This beautiful plant is covered in fragrant pinkish-red blooms about mid-summer.  A fairly slow-growing, upright, suckering shrub that eventually gets about 8’ tall, Clethra is a great choice for part shade woodland gardens or wet areas, but is adaptable almost anywhere.  The leaves turn yellow in the fall.  Full sun to shade.

“Alice” Oakleaf Hydrangea

This is one of our favorite informal “filler” type shrubs.  Alice grows large (around 8’) and fast and makes the space feel lush and wild.  Large white flowers appear for most of the summer, fading to pink as they age, followed by red fall color on the leaves.  Maybe not the most spectacular in the fall, but they do have good character and some color as the season winds down.  Sometimes the leaves persist well into winter for those of us in the Asheville area.

Deer seem to enjoy the leaves almost as much as we do, so if you get deer you might want to get a more established plant, or just keep your eyes peeled with a large broom.

Also, check out some of the more compact cultivars;  Ruby Slippers and Snow Queen.

“Vernal” Witchhazel

Witchhazel is best known for its odd bloom times, but it’s a great plant almost all year.  The vernal variety (meaning spring), is technically native to the Ozarks, but we like it because it is a little more compact and shrubby than the common witchhazel (8-10’ tall fully grown vs. 15-20 with the common variety) and produces fragrant blooms in late winter/early spring vs. the fall.
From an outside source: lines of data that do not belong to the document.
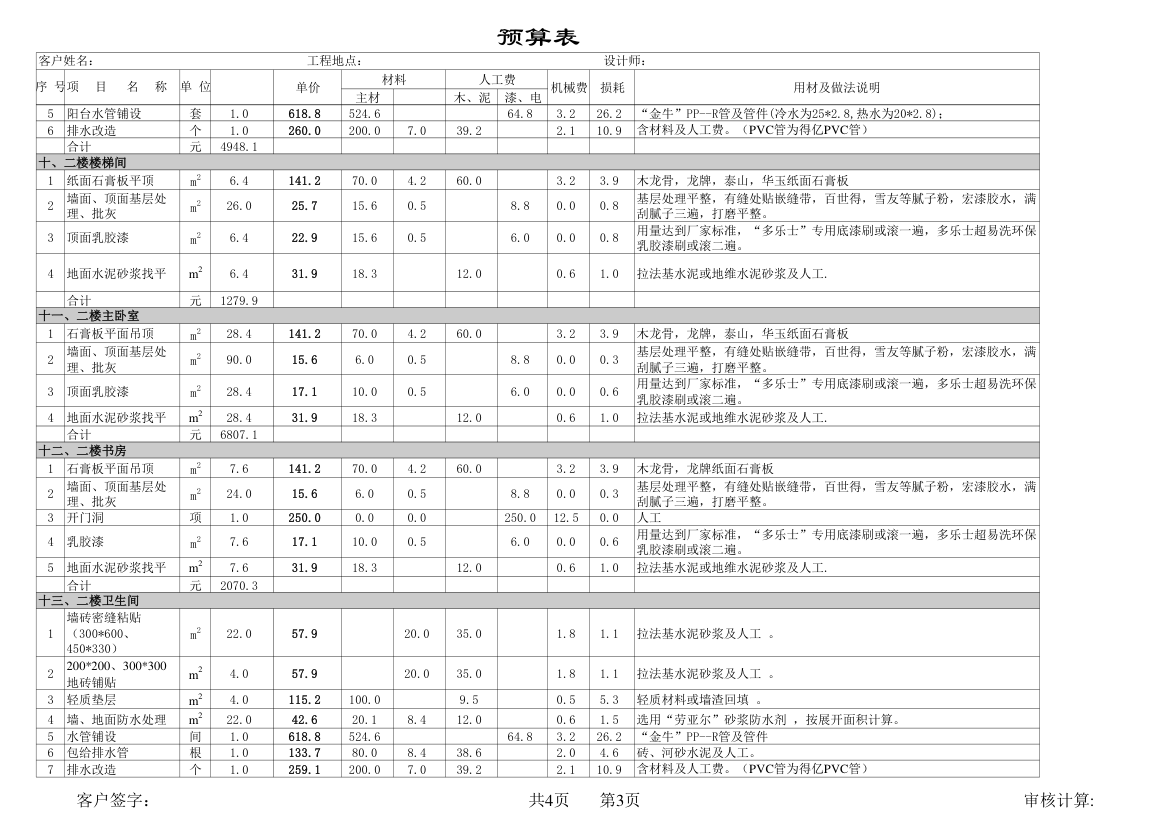 200平米复式别墅室内装修预算表.xls第3页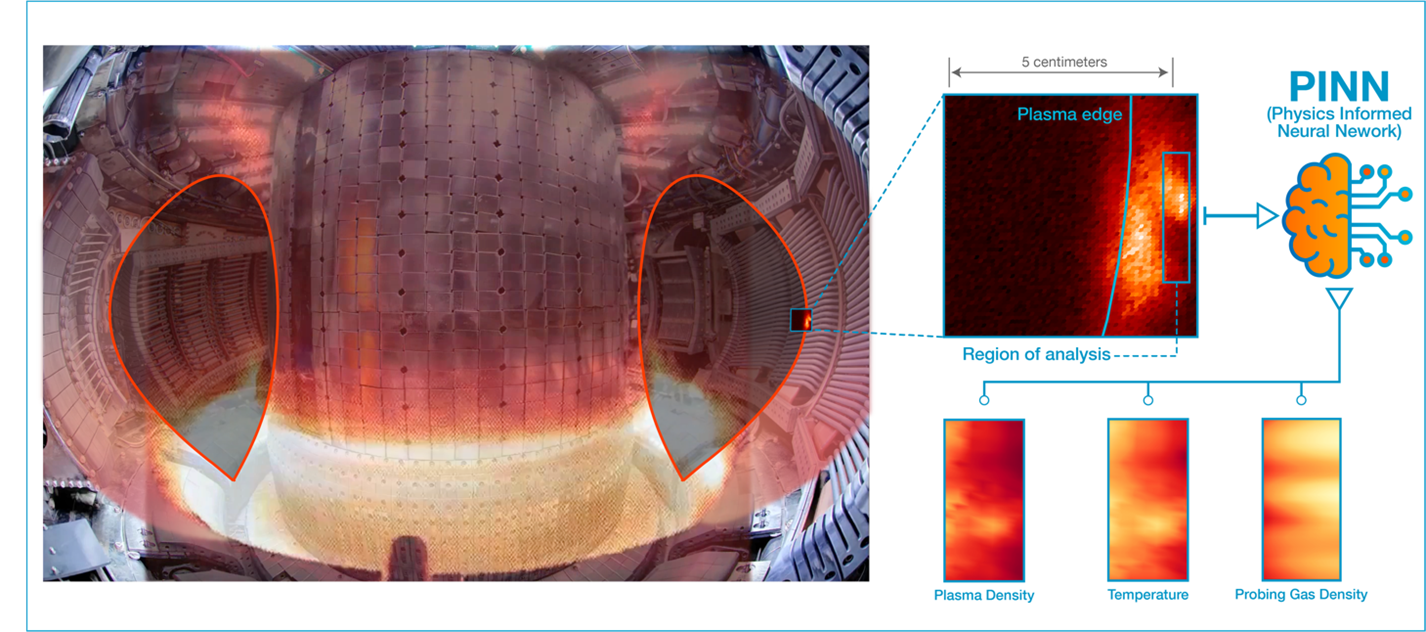Using light from the edge of a plasma in a tokamak (interior view at left), a Physics Informed Neural Network reconstructs the turbulent fluctuations in plasma density and temperature and the distribution of a probing helium gas puff (right). 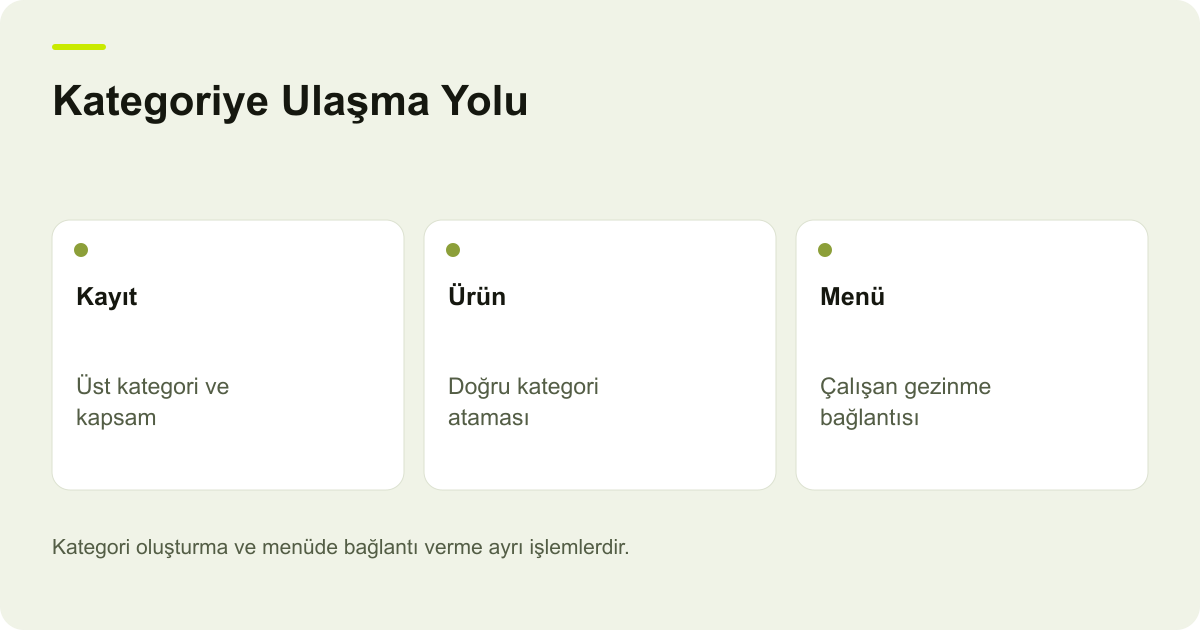 Kategoriye Ulaşma Yolu: Kayıt: Üst kategori ve kapsam, Ürün: Doğru kategori ataması, Menü: Çalışan gezinme bağlantısı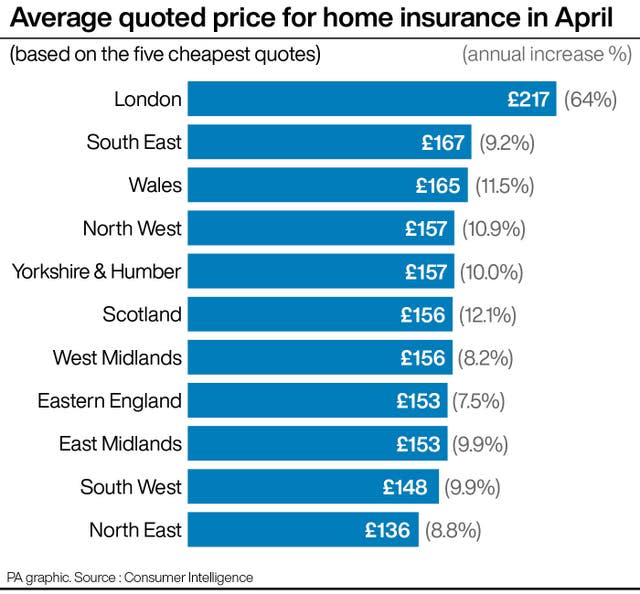 Average quoted price for home insurance in April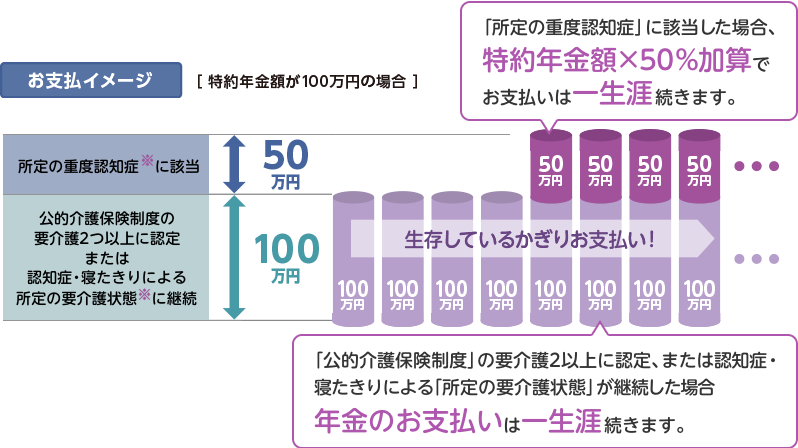 お支払いイメージ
They are all easy to grow with excellent foliage and yellow fall color.  Nothing seems to faze witchhazel (even deer).  Full sun to part shade.

American Beautyberry

Beautyberry is a member of the mint family, so that should tell you it’s almost impossible to kill.  They produce neat little purple berries in mid to late summer on new wood.  They tend to get leggy so feel free to trim back periodically for a bushier plant.  A great native for slopes.  Full sun to part shade.

Carolina Sweetshrub

This is one of our favorite compact natives.  The leaves look almost tropical at times and they keep a compact, tidy shape without much pruning at all.  Flowers are a fantastic deep red and have an unusual banana-like fragrance, but usually it’s not that strong. ‘Aphrodite’ is a more recent cultivar with bigger leaves and larger flowers that rebloom in the summer.  Sun to shade and resistant to deer too.
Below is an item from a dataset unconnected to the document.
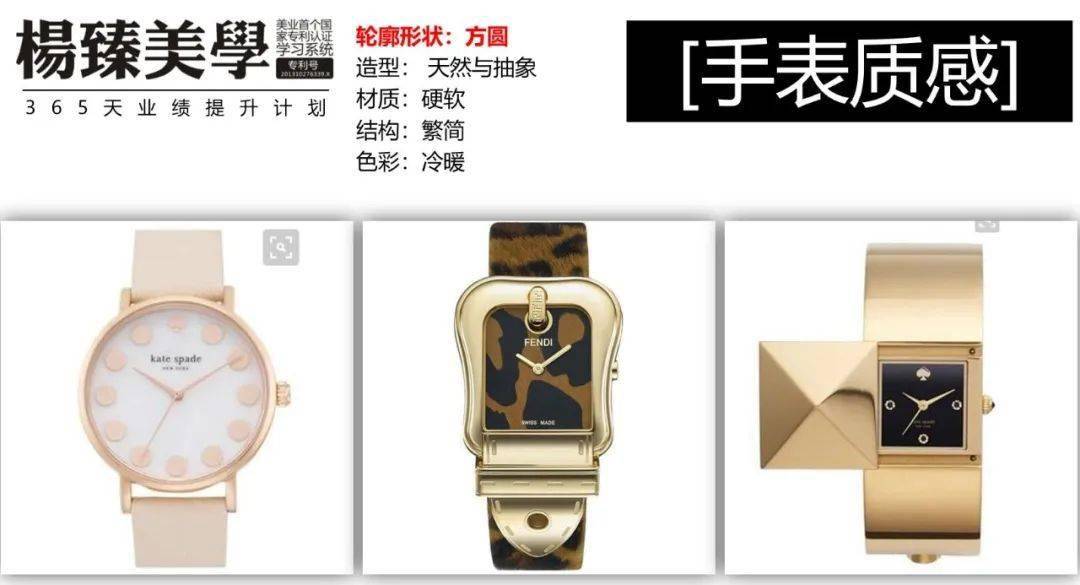 手表|夏季最重要的配饰:手表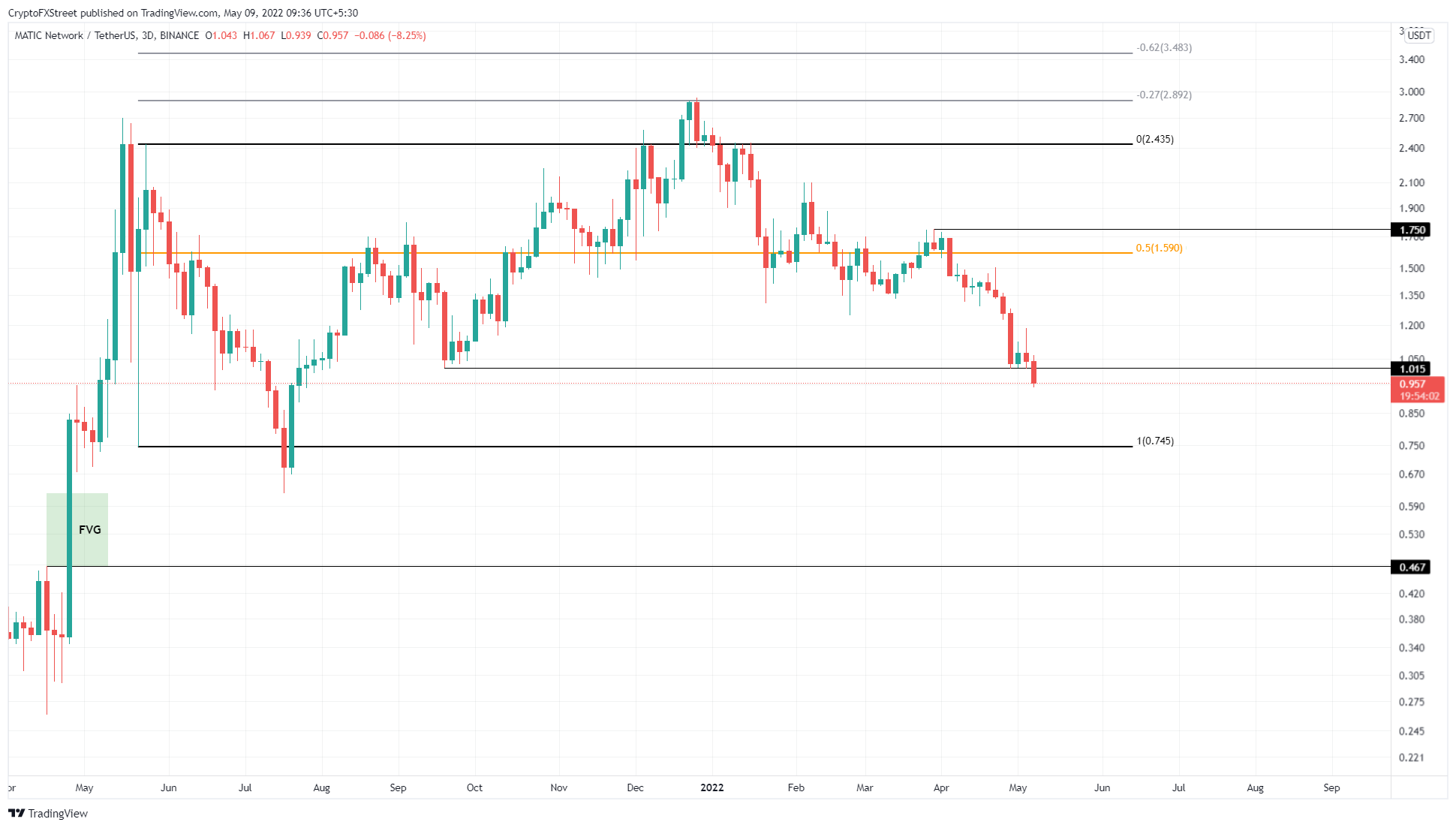 MATIC/USDT 3-day chart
For a list of what we have growing this year at the nursery, check out our inventory page!

I normally shy away from these topics because, well, people can be a little touchy about spraying things.  But I had a few lovely ladies come by last year and request it, so here we go.

How about we call it spritz?  We shall flit and spritz amongst the roses.

Brown spots on your plants mean there is a disease present.  There are surprisingly few options available for homeowners to deal with fungal problems, and usually they are hidden away in a corner, buried by an entire wall of roundup and pesticides.  This makes it hard to even find what you need to deal with the issue, so often folks buy Neem oil or some insecticide that has nothing to do with the problem.

Compounding it further is the fact that by the time you have a disease issue, it’s basically too late.  It’s not very satisfying to be out spritzing healthy looking plants.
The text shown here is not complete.